Even though this procession of flowers, their colors and scents, is bound by time, the experience of cycling amongst them is timeless. Like so much I experience on a bike, it makes me glad for the whole person, the whole experience of life. In a car I am frequently concerned only with “getting there.” Upright on my slow Dutch bike, I enjoy the meaning of the journey itself.

Monday, April 16, 2012

The Potential for Human-Scaled Cities

On another errand, having crossed
two "speedways" to get there
The city I live in is a pretty good example of a situation many Americans face today: remnants of earlier livability rendered islands by moats of mechanized tyranny. Let me explain what I mean.

Many neighborhoods in our town were built prior to the complete dominance of automobiles.
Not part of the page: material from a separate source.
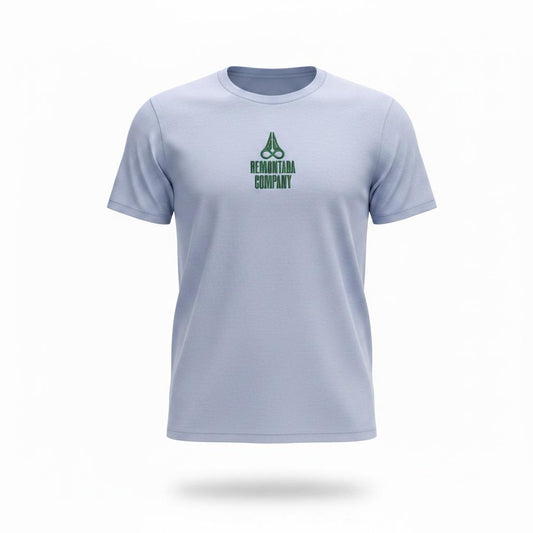 EMBROIDERED HEAVYWEIGHT TEE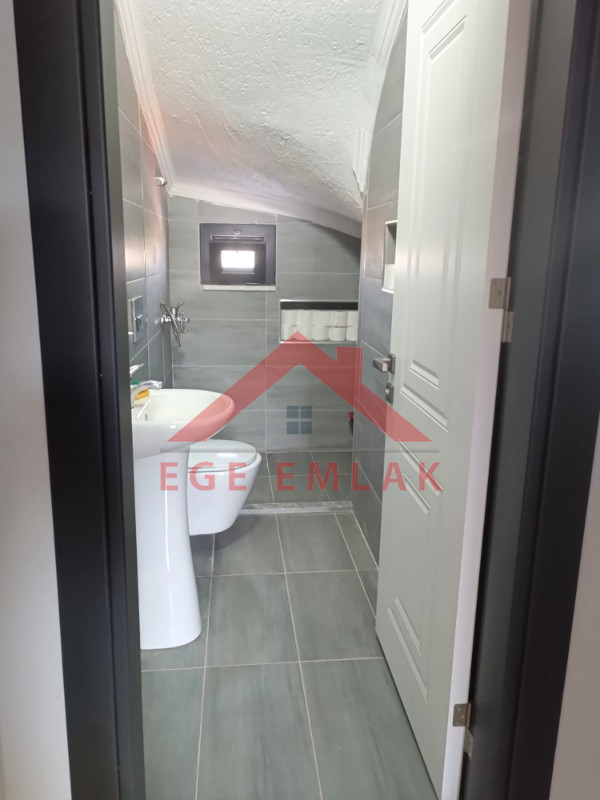 Akyeniköy Didim’de Satılık Tam Müstakil 3+1 Villa – 325 m² Bahçeli, Sıfır & İskanlı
That meant that streets were essentially there to serve residences (of various descriptions), offices, churches, parks, shops, etc., rather than to provide high-speed throughways for cars. Over time, though, the auto-as-victor approach to thinking about towns and cities meant much beefier sorts of streets—looking like mini-freeways at times—were punched through the heart of towns and neighborhoods in order to “move traffic” through. Just about every street needed to present its speed-conscious credentials. These mock-major streets increasingly functioned as a sort of moat, making foot and cycle traffic seem much less desirable. The message that remained was simple: drive.

And drive we do. For distances that make no real sense when viewed from the safety of a map, we drive to places that should be easy walks or bikes. When experienced at the street level, though, it makes sense. The visual, auditory, and experiential cues all encourage one to choose the quiet, comfort, and safety of a car rather than the inconvenience and obvious second-class-citizen condition of a non-driver for these short hops. This, in turn, feeds many forms of social, physical, and (I would say) spiritual illness in our nation.

Cycling in our town can be quite pleasant in some neighborhoods—those still functioning on the human scale. But navigating the downtown core, for instance, is pretty tricky. It is instantly evident that, in spite of some sharrows, the downtown streets are mostly speedways designed for a false sense of efficiency (I drive these streets as well, and they are often quite clogged, in spite of the Indy 500 one-way grid treatment). I have learned a few tricks here and there, and developed some cunning ways to avoid the worst, but the message is still clear: drive.

Now, in our part of the world driving is often a far more enjoyable thing to do during the long rainy months (though I am quite surprised just how many enjoyable, dry days as a cyclist one actually can get here in the winter), but neighborhoods and downtowns designed with cycling and pedestrian concerns in mind are much more than “multi-modal” transportation tools: they are about reversing the many ill effects of that mechanical tyranny I spoke of earlier.

When I visit towns or cities that have put multi-modal transport in the mix, I note how much more human, enjoyable, attractive, and just plain interesting they are. I note that people form more of a personal relationship with their town, their neighborhood. When the emphasis moves from “just driving through it to get where you want” to “caring about it because it is part of your life,” everything changes. The pace, the level of attractiveness, the commitment to maintaining it—it all starts to matter. There are already pieces of this picture in our town, but what is missing, it seems to me, is "the bigger picture" of a basic commitment to putting the scale back to the person, not the car.

Cycling is not the solution to all of life’s ills. Some bike blogs get a little carried away with this. But, cycling is part of a much larger cultural renaissance, wherein people begin to matter more than machines and the anonymous culture of indifference that produces those machines. This is something I find hopeful, and one more reason to keep riding, noticing, and helping move the conversation towards a livability both old and new.